§ Directions for this task:
Output all of the data exactly as it appears, but leave out any pictures it contains.

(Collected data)

/---

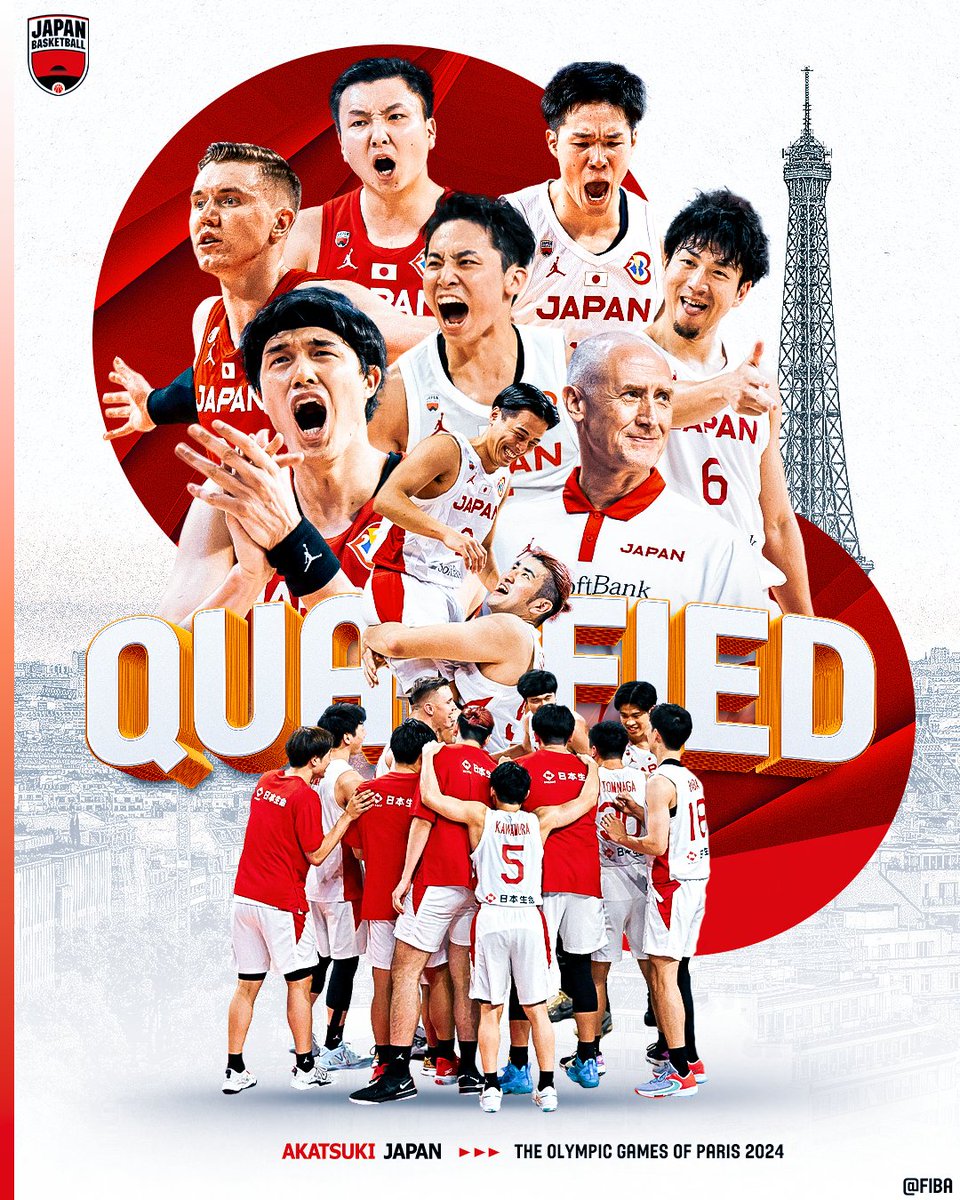 バスケットボール日本代表　日本一丸ミニバスケットボール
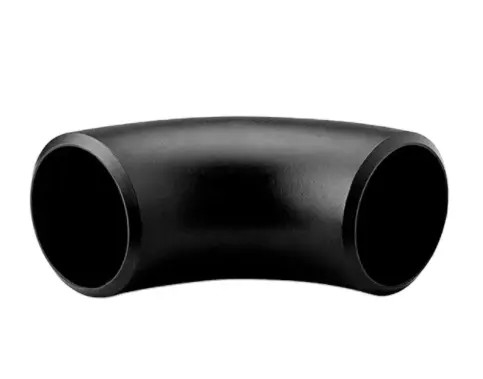 Codo inconsútil del negro del grado LR DN120 Sch160 de las colocaciones de la tubería de acero de la aleación de ASTM A234 WP5 90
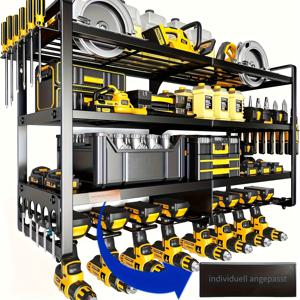 TEMU 대형이고 튼튼한 전동 공구 정리함, 벽걸이형 헤비 듀티 수납 랙, 스크루드라이버, 전동 드릴, 렌치 및 윈치 프레임에 적합, 아버지의 날, 할로윈 및 크리스마스 선물로 완벽합니다.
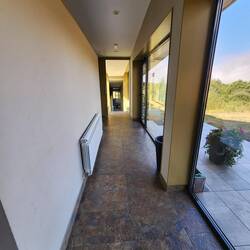 The huge hallway of 3 levels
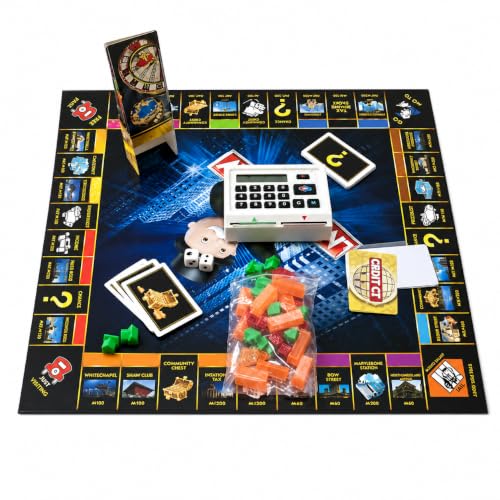 Image of Ultimate Banking Board Business Game - Electronic Banking Edition with Card Swiping Machine - Family Strategy Trading Game - Cashless Property Game for Kids & Adults - 2-4 Players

\---

§ Answer to the problem:
 バスケットボール日本代表　日本一丸ミニバスケットボール
 Codo inconsútil del negro del grado LR DN120 Sch160 de las colocaciones de la tubería de acero de la aleación de ASTM A234 WP5 90
 TEMU 대형이고 튼튼한 전동 공구 정리함, 벽걸이형 헤비 듀티 수납 랙, 스크루드라이버, 전동 드릴, 렌치 및 윈치 프레임에 적합, 아버지의 날, 할로윈 및 크리스마스 선물로 완벽합니다.
 The huge hallway of 3 levels
 Image of Ultimate Banking Board Business Game - Electronic Banking Edition with Card Swiping Machine - Family Strategy Trading Game - Cashless Property Game for Kids & Adults - 2-4 Players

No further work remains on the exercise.